Francona would also like him to work more with pitching coach Mickey Callaway, who played a big part in helping Justin Masterson, Ubaldo Jimenez and Scott Kazmir have great comeback seasons in 2013. Callaway has also been key in the progress of other young starters Zach McAllister and Corey Kluber.
As for age or any fears about Salazar developing a bruised psyche, Francona does not seem too worried.
“I don’t always want to put it on youth,” Francon said. “This is a kid we gave the ball to in the playoff game. But I do think, with health and experience, he’s going to learn how to do this better. I think right now he’s having a tough time and he’s getting tested a little bit.”
The tough start and test go back to how long the Tribe should let Salazar go. Getting to work with a Major League pitching coach and facing Major League hitting certainly does have its advantages. However, what it he goes out and struggles in his next start? What if Salazar is unable to get into the sixth inning or beyond in his next several? There probably is no sure plan in place.
One issue is that Salazar really has nothing left to prove in the minors. He has shown he can get guys out with ease in the bush leagues. There is little left to do there. A trip to the minors would not necessarily teach him a whole lot. The best it would do would be to rebuild his confidence. However, what’s to say he would not come back to Cleveland and get shelled again? Perhaps learning and taking his lumps in the big leagues is the best thing for Salazar in that case. He can learn more in Cleveland than in Columbus.
Another issue is, despite his struggles, Salazar has not been the Tribe’s worst start. That has been Carlos Carrasco who has a slightly better 7.31 ERA, but worse track record. Of the two, Carrasco is likely going to be the first to go.
Waiting in the wings is Trevor Bauer. After a rough first year in the Cleveland organization, Bauer is now pitching like the third-overall draft pick he was in 2011. He is 2-0 with a 0.96 ERA in three Triple-A starts and gave up one run in six innings in a spot start with the Tribe. He seems likely to replace someone, soon in Cleveland’s rotation. However, beyond him, there are no sure names to bring to the Indians.
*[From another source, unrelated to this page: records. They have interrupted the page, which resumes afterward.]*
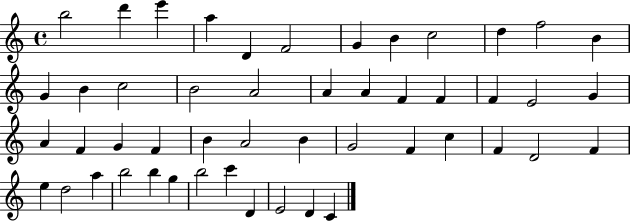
B5/h D6/q E6/q A5/q D4/q F4/h G4/q B4/q C5/h D5/q F5/h B4/q G4/q B4/q C5/h B4/h A4/h A4/q A4/q F4/q F4/q F4/q E4/h G4/q A4/q F4/q G4/q F4/q B4/q A4/h B4/q G4/h F4/q C5/q F4/q D4/h F4/q E5/q D5/h A5/q B5/h B5/q G5/q B5/h C6/q D4/q E4/h D4/q C4/q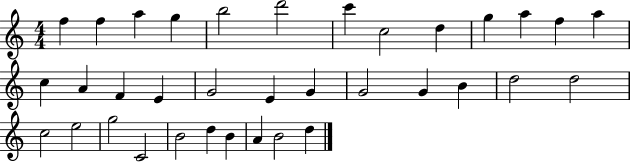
X:1
T:Untitled
M:4/4
L:1/4
K:C
f f a g b2 d'2 c' c2 d g a f a c A F E G2 E G G2 G B d2 d2 c2 e2 g2 C2 B2 d B A B2 d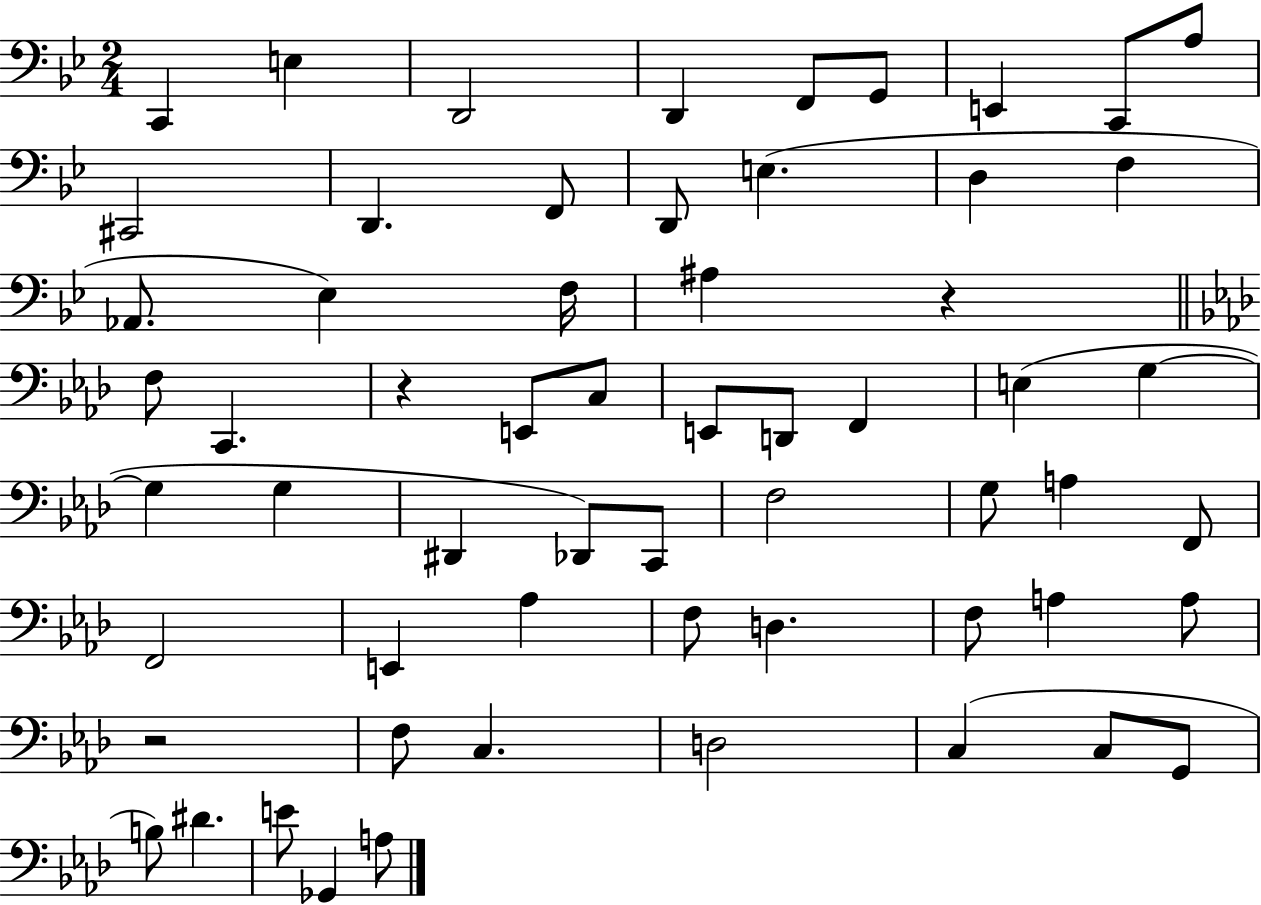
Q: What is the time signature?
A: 2/4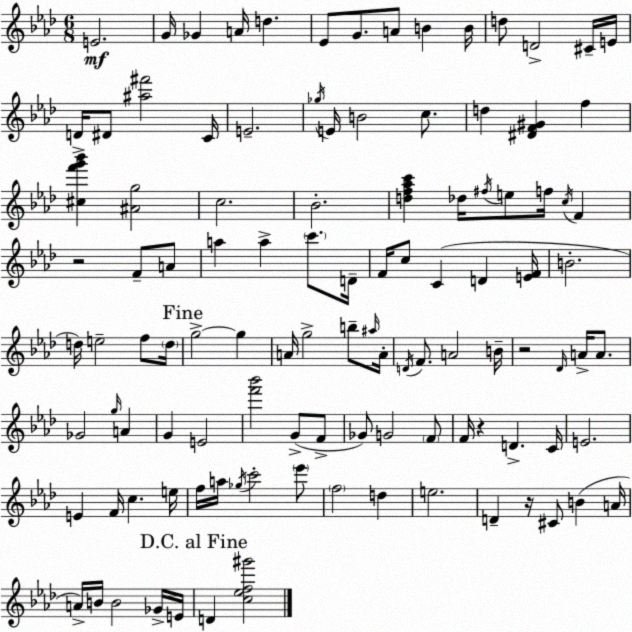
X:1
T:Untitled
M:6/8
L:1/4
K:Fm
E2 G/4 _G A/4 d _E/2 G/2 A/2 B B/4 d/2 D2 ^C/4 E/4 D/4 ^D/2 [^a^f']2 C/4 E2 _g/4 E/4 B2 c/2 d [^DF^G] f [^cf'g'_b'] [^Ag]2 c2 _B2 [df_ac'] _d/4 ^f/4 e/2 f/4 c/4 F z2 F/2 A/2 a a c'/2 D/4 F/4 c/2 C D [EF]/4 B2 d/4 e2 f/2 d/4 g2 g A/4 g2 b/2 ^a/4 A/4 D/4 F/2 A2 B/4 z2 _D/4 A/4 A/2 _G2 g/4 A G E2 [f'_b']2 G/2 F/2 _G/2 G2 F/2 F/4 z D C/4 E2 E F/4 c e/4 f/4 a/4 _g/4 c'2 _e'/2 f2 d e2 D z/4 ^C/2 B A/4 A/4 B/4 B2 _G/4 E/4 D [c_ef^g']2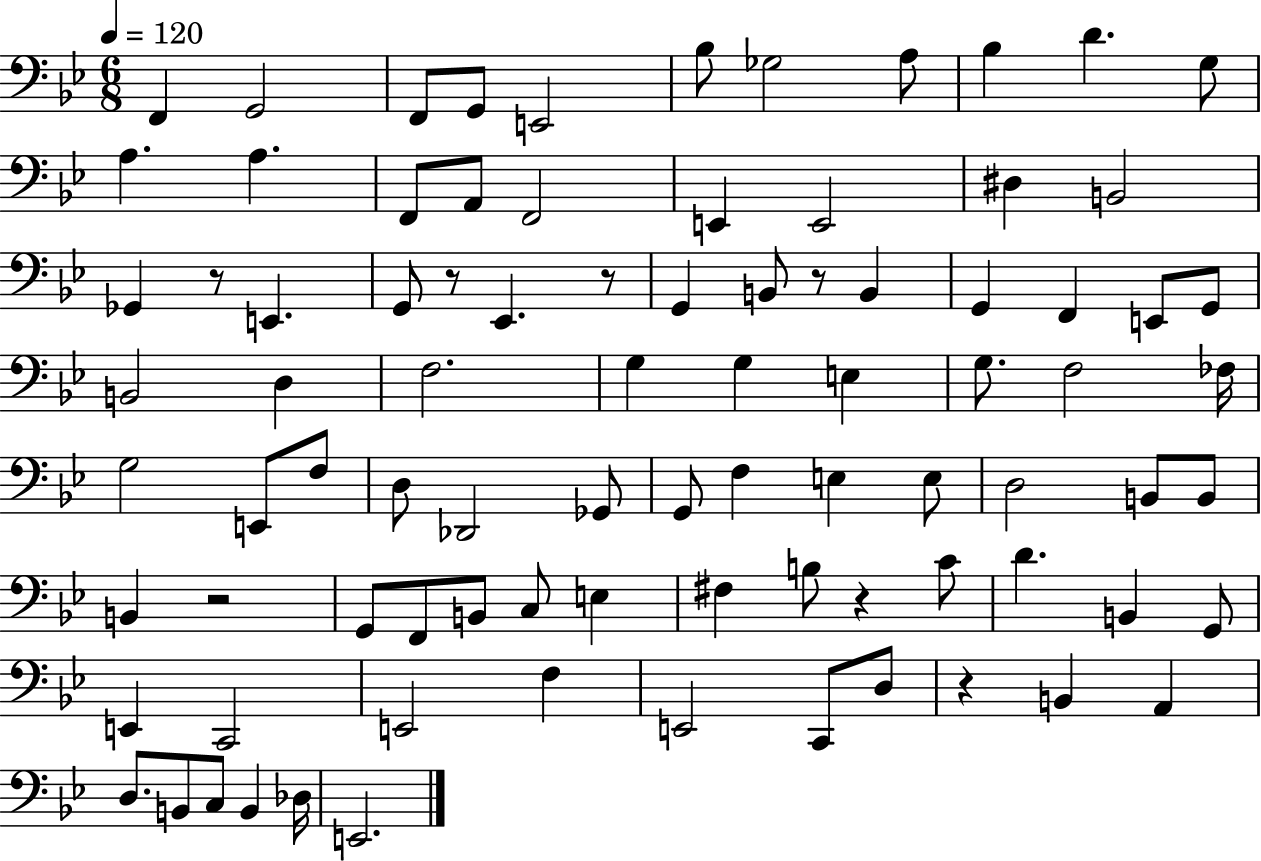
{
  \clef bass
  \numericTimeSignature
  \time 6/8
  \key bes \major
  \tempo 4 = 120
  f,4 g,2 | f,8 g,8 e,2 | bes8 ges2 a8 | bes4 d'4. g8 | \break a4. a4. | f,8 a,8 f,2 | e,4 e,2 | dis4 b,2 | \break ges,4 r8 e,4. | g,8 r8 ees,4. r8 | g,4 b,8 r8 b,4 | g,4 f,4 e,8 g,8 | \break b,2 d4 | f2. | g4 g4 e4 | g8. f2 fes16 | \break g2 e,8 f8 | d8 des,2 ges,8 | g,8 f4 e4 e8 | d2 b,8 b,8 | \break b,4 r2 | g,8 f,8 b,8 c8 e4 | fis4 b8 r4 c'8 | d'4. b,4 g,8 | \break e,4 c,2 | e,2 f4 | e,2 c,8 d8 | r4 b,4 a,4 | \break d8. b,8 c8 b,4 des16 | e,2. | \bar "|."
}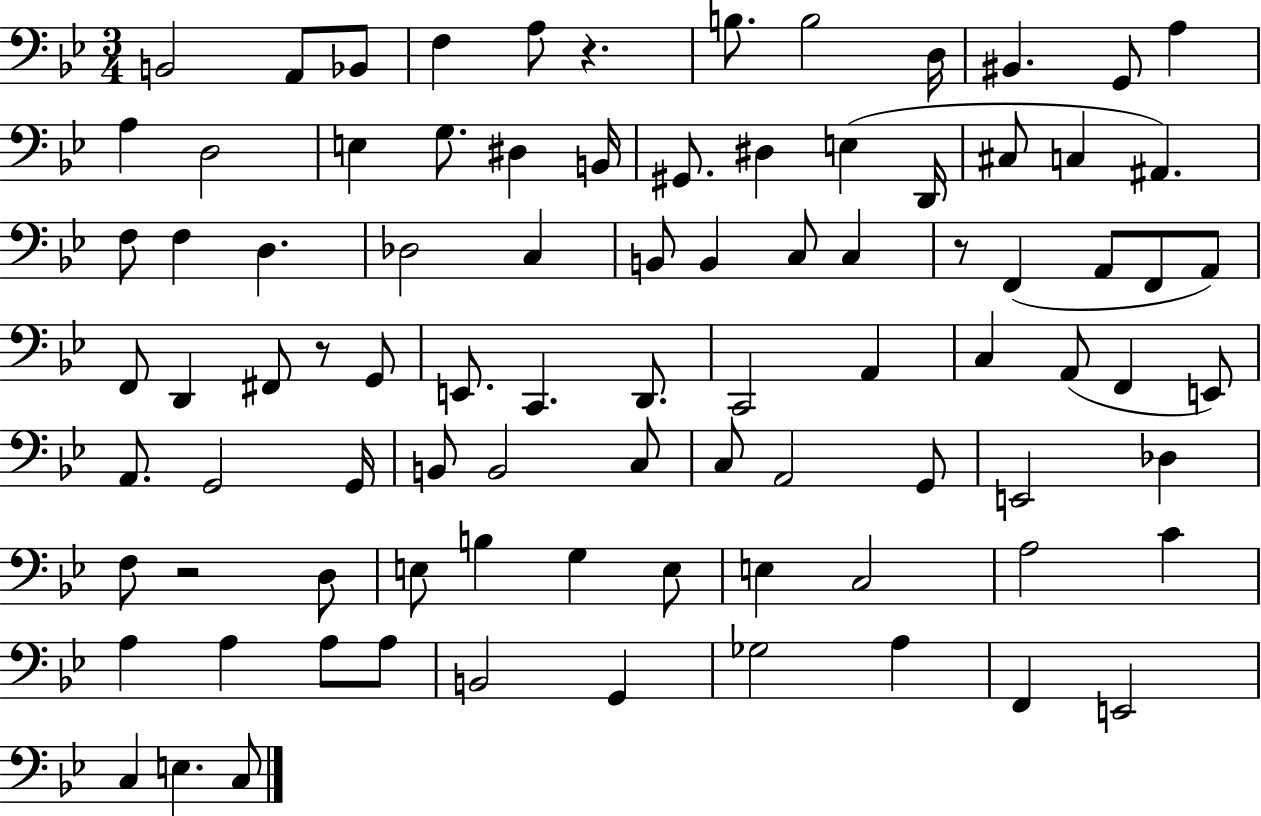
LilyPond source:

{
  \clef bass
  \numericTimeSignature
  \time 3/4
  \key bes \major
  b,2 a,8 bes,8 | f4 a8 r4. | b8. b2 d16 | bis,4. g,8 a4 | \break a4 d2 | e4 g8. dis4 b,16 | gis,8. dis4 e4( d,16 | cis8 c4 ais,4.) | \break f8 f4 d4. | des2 c4 | b,8 b,4 c8 c4 | r8 f,4( a,8 f,8 a,8) | \break f,8 d,4 fis,8 r8 g,8 | e,8. c,4. d,8. | c,2 a,4 | c4 a,8( f,4 e,8) | \break a,8. g,2 g,16 | b,8 b,2 c8 | c8 a,2 g,8 | e,2 des4 | \break f8 r2 d8 | e8 b4 g4 e8 | e4 c2 | a2 c'4 | \break a4 a4 a8 a8 | b,2 g,4 | ges2 a4 | f,4 e,2 | \break c4 e4. c8 | \bar "|."
}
Again, allowing Salazar to learn the hard way may be the best thing to do.
Salazar certainly has a bright future ahead of him. Last year, it seemed like the future was very soon. Right now, the future almost seems very far in the distance. Either way, the Indians like the kid. They want to see more from him in the Majors before making any big decisions on shipping him back to Columbus.
Now is not the time to panic if you are Tribe management or a Tribe fan. Salazar does deserve more time as he does provide such a great deal of promise. However, the Indians are walking a fine line. While he is not there yet, if Salazar continues to have big-time struggles in Cleveland it could potentially make him shell-shocked. It has happened to other young players with worlds of potential. Because Salazar has had success before in the majors, he should not yet be mentally beaten. Though a change may need to be made in the next few weeks, especially if the Indians want to do more than play in one postseason game as they did a year ago.